= Given entries =
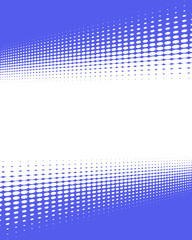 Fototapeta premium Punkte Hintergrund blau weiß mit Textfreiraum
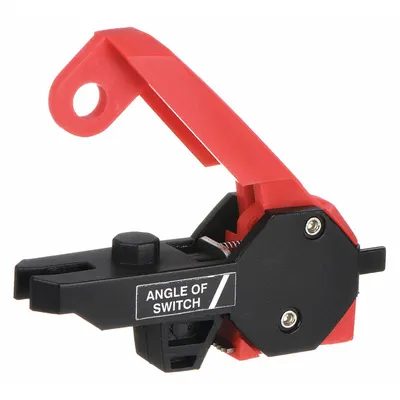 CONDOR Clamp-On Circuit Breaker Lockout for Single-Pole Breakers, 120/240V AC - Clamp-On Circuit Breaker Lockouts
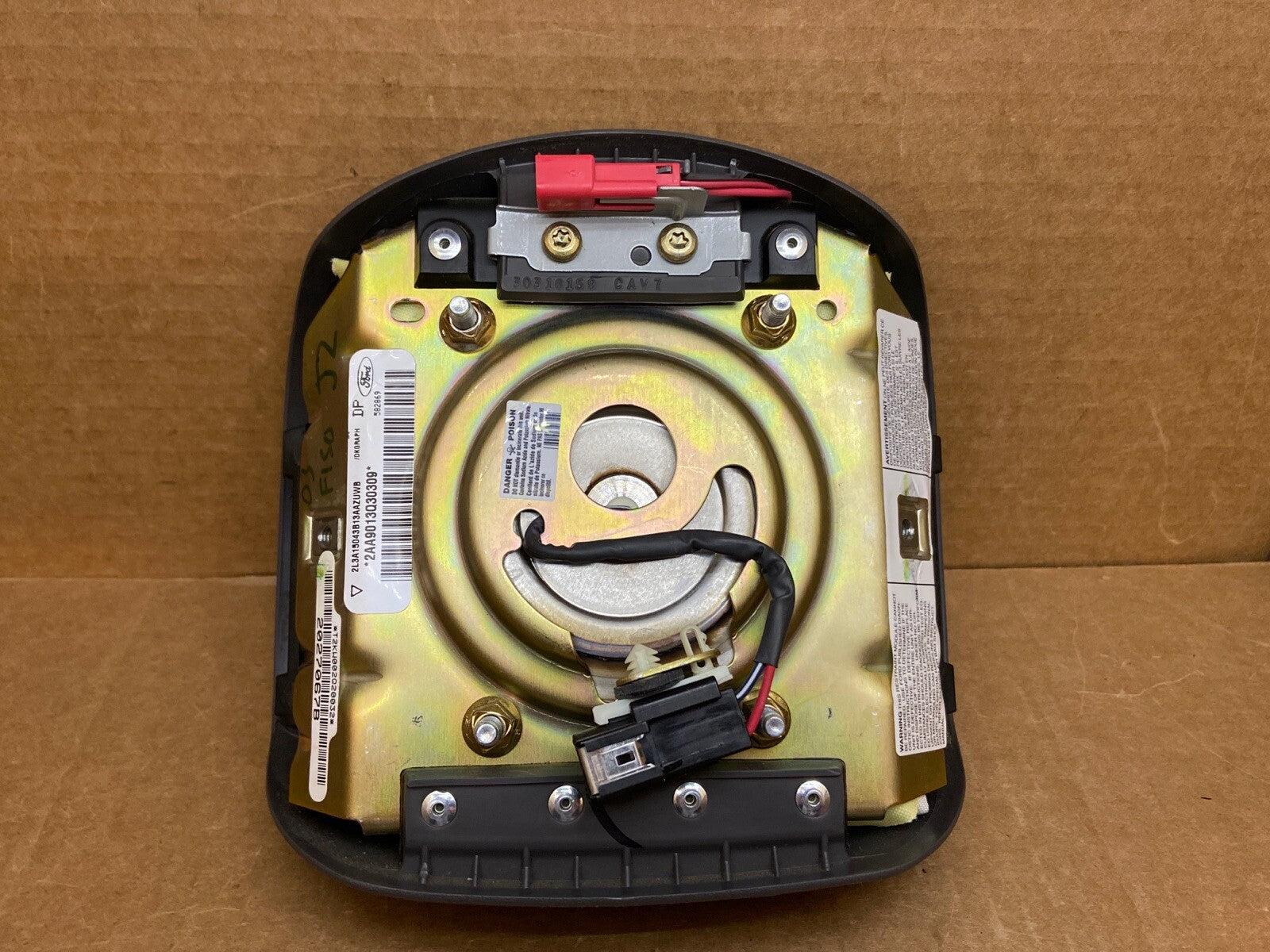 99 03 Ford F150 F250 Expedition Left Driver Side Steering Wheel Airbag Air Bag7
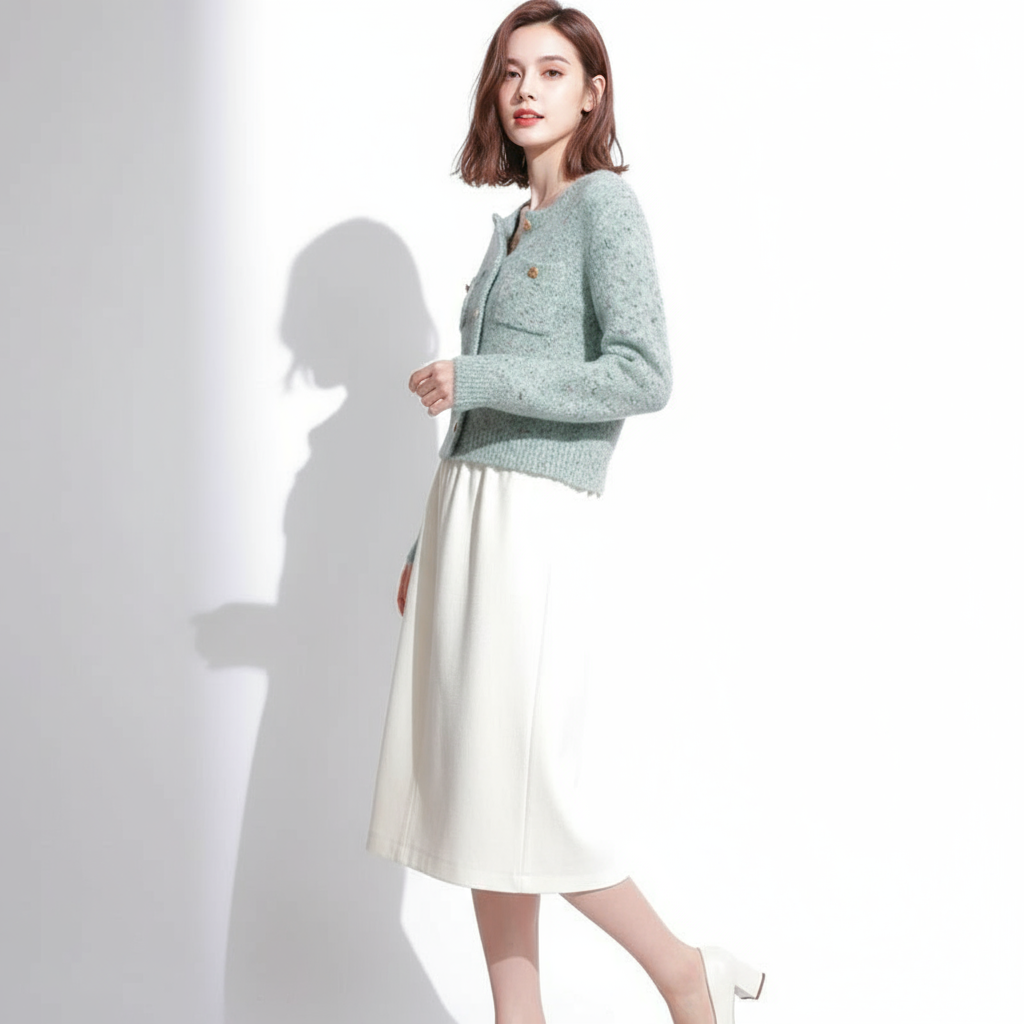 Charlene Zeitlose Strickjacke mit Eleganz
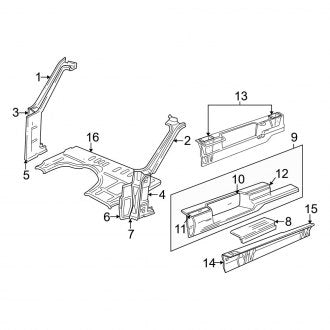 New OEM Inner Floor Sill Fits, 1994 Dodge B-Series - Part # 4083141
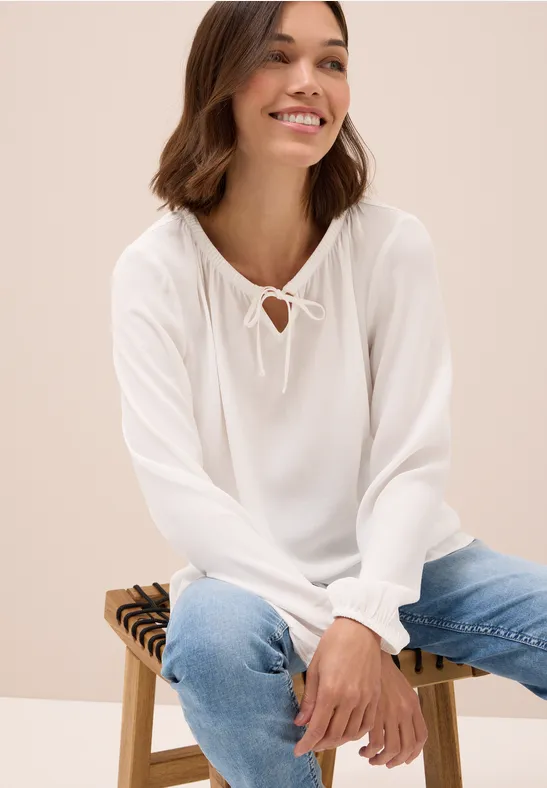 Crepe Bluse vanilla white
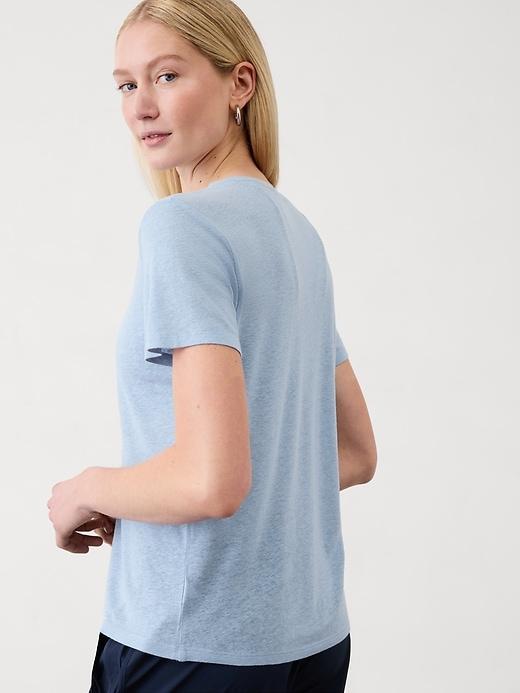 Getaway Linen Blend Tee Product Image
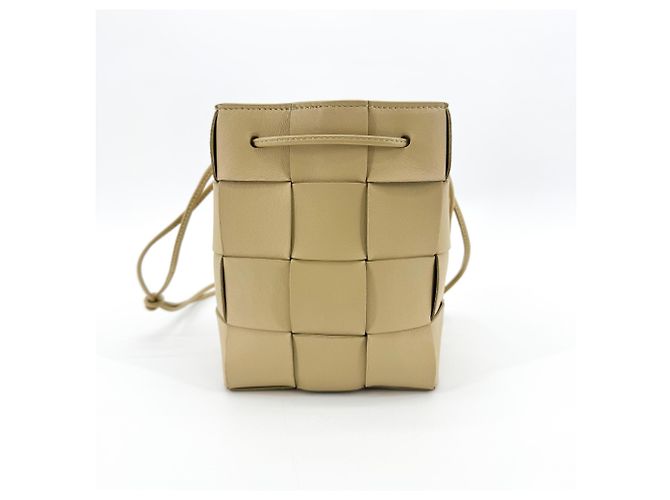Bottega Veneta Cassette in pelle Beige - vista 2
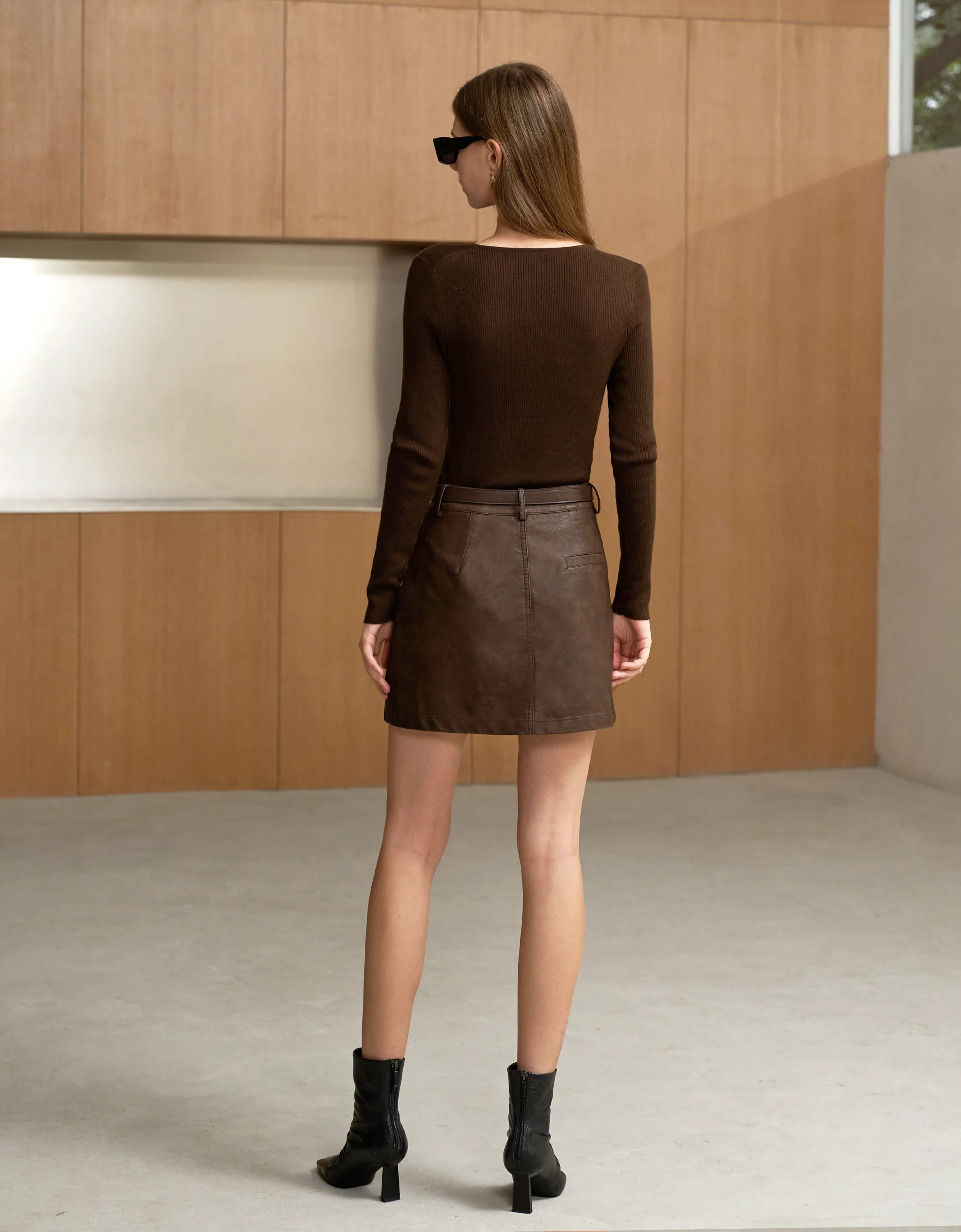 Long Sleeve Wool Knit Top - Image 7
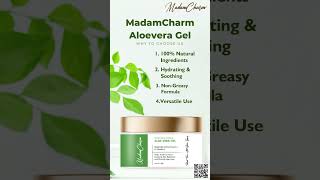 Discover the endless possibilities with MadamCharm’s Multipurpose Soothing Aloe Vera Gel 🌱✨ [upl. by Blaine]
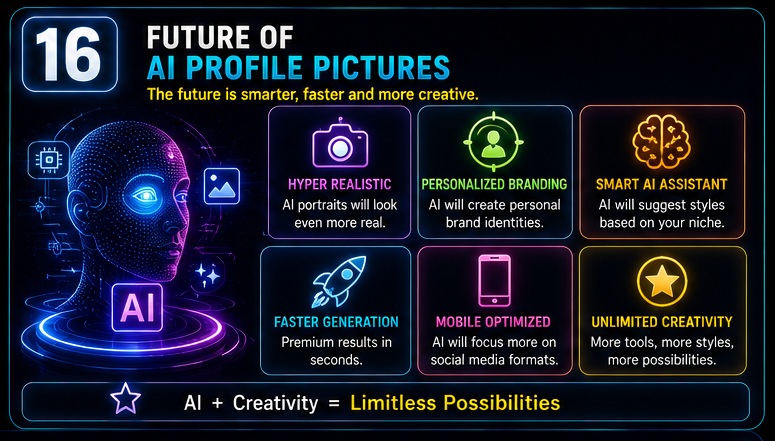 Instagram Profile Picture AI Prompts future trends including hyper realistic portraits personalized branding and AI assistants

= Your goal =
Final stretch of the data: repeat exactly each line from the one containing "New OEM Inner" through the last, and omit all pictures.

= Result =
 New OEM Inner Floor Sill Fits, 1994 Dodge B-Series - Part # 4083141
 Crepe Bluse vanilla white
 Getaway Linen Blend Tee Product Image
Bottega Veneta Cassette in pelle Beige - vista 2
 Long Sleeve Wool Knit Top - Image 7
 Discover the endless possibilities with MadamCharm’s Multipurpose Soothing Aloe Vera Gel 🌱✨ [upl. by Blaine]
 Instagram Profile Picture AI Prompts future trends including hyper realistic portraits personalized branding and AI assistants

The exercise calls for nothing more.